Namun, semut rangrang bukan makhluk tak tahu terima kasih yang melupakan begitu saja jasa orang lain. Mereka menawarkan simbiosis mutualisme terhadap para kutuwan dan kutuwati itu. “Kami jadi bodyguard elo-elo pade. Setuju?” begitu kira-kira isi negosiasi di antara para makhluk Tuhan tersebut.

Tentulah kaum kutu setuju, sebab hidup mereka pun terancam para predator. Akhirnya, bersenjatakan rahang yang kuat dan taring seperti gunting, serta tubuh liat kuat, pasukan semut rangrang siap menjadi pengayom masyarakat kutu. Karenanya, jika ada predator nekat berani mendekat, kontan para satria rangrang datang memberangsang secara kerubutan. Jika apes tak sempat kabur, sang predator bakal tewas terbantai tanpa saksi.

Masuk resep favorit
Larva semut rangrang, ah sayang, cukup populer di kalangan pecinta burung dan nelayan di negeri Kolam Susu ini. Campuran larva dan pupa semut rangrang laku dijual sebagai menu favorit kaum burung peliharaan.

Diketahui, kandungan proteinnya cukup bermanfaat bagi burung-burung dalam sangkar yang tak bisa mengoplos sendiri larva dan pupa itu. Bahkan, ikan-ikan di laut pun tiba-tiba menjadi rakus jika menemui oplosan itu ada di habitatnya. Karuan saja, para abang nelayan akan memanen hasil meluber tanpa menyadari akan jasa semut rangrang.

Berita menyenangkan datang dari Cina, India, hingga ke benua Australia, sebab semut rangrang juga dijumpai populasinya di sana. Hanya, yang menyedihkan, manusia yang tak puas-puasnya menambah ragam menu makanan di meja makan, mencoba memasukkan semut rangrang ke dalam daftar resep mereka. Ternyata, kata mereka, rasanya gurih dan enak.

Akankah semut rangrang di masa depan hanya tinggal kenangan? Jangan, jangan sampai kita kehilangan si penenen kecil nan eksklusif.

Penjaga kebun

Daya pesona honey dew dalam memikat semut rangrang, sering digunakan para petani buah untuk merangsang si merah rangrang datang bergelombang.
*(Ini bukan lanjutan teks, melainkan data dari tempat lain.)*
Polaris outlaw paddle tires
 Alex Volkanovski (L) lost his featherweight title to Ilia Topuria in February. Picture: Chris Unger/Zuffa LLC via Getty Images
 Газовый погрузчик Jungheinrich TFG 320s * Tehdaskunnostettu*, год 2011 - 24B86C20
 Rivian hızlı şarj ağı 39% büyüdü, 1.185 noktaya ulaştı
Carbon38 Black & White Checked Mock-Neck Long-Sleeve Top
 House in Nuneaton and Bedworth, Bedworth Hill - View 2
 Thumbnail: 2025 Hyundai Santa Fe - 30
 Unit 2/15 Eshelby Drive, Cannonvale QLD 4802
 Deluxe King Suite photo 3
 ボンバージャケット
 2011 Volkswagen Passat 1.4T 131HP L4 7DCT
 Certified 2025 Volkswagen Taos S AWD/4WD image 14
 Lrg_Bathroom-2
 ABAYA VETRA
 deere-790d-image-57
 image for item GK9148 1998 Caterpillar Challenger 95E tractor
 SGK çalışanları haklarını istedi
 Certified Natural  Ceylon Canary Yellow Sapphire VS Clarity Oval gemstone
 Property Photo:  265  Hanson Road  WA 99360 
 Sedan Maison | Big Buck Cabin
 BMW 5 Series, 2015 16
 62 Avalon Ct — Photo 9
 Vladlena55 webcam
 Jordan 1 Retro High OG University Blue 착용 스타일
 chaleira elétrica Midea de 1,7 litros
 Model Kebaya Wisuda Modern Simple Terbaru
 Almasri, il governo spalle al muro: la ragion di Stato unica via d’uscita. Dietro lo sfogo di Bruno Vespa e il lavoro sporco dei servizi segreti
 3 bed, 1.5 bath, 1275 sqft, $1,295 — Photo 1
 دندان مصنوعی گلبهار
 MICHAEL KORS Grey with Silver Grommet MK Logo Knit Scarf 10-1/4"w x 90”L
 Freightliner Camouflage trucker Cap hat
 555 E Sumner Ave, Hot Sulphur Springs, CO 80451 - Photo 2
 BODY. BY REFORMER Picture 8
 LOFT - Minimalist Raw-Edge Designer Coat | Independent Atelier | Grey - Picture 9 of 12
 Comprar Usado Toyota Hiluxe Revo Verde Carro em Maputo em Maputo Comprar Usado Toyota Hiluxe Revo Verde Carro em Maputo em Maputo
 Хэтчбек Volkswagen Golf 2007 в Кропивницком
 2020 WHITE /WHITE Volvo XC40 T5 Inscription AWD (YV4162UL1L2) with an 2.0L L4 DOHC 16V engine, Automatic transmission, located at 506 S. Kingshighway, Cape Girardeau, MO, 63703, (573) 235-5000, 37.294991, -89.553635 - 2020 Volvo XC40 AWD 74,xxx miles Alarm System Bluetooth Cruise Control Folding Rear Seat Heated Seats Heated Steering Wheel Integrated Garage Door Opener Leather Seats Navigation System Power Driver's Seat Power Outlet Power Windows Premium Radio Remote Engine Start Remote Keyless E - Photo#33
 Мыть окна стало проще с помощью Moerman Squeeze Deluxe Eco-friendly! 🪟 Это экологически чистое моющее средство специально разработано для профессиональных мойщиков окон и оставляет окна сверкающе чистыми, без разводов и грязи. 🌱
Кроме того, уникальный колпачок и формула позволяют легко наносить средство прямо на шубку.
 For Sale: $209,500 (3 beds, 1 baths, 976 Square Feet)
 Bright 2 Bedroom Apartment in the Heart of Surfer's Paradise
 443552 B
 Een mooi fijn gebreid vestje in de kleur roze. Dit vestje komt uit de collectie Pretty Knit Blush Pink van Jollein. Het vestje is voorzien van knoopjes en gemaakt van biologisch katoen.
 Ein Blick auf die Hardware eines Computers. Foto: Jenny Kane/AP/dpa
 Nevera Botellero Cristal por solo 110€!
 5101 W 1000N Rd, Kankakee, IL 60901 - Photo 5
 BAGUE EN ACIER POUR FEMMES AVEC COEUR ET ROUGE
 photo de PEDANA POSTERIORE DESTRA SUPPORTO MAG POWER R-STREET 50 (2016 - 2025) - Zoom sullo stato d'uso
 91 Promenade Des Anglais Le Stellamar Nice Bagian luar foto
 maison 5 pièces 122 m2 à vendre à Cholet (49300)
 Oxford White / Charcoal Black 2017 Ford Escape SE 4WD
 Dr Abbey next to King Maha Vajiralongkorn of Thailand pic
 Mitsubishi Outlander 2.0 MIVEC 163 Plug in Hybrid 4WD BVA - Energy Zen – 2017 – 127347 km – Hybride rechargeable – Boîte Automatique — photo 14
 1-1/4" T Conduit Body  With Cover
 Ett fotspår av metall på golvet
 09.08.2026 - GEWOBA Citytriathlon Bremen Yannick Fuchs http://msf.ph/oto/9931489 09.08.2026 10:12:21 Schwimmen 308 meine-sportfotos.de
Disebutkan oleh Paul Van Melle dan Nguyen Thio Thu Cuc, dalam buku mereka Semut Sahabat Petani, kehadiran semut rangrang di pohon buah amat didambakan para petani buah.

Mengapa? Semut rangrang terbukti efektif sebagai pengusir hama. Karenanya, Pak Tani bisa memanen buah lebih banyak, dan – ini yang penting – mereka tak perlu lagi menggunakan pestisida untuk membasmi hama.

Sejarah mencatat, kaum petani buah jeruk di negeri Cina telah menggunakan secara gratis jasa semut rangrang sebagai penjaga kebun, selama lebih dari seribu tahun lalu.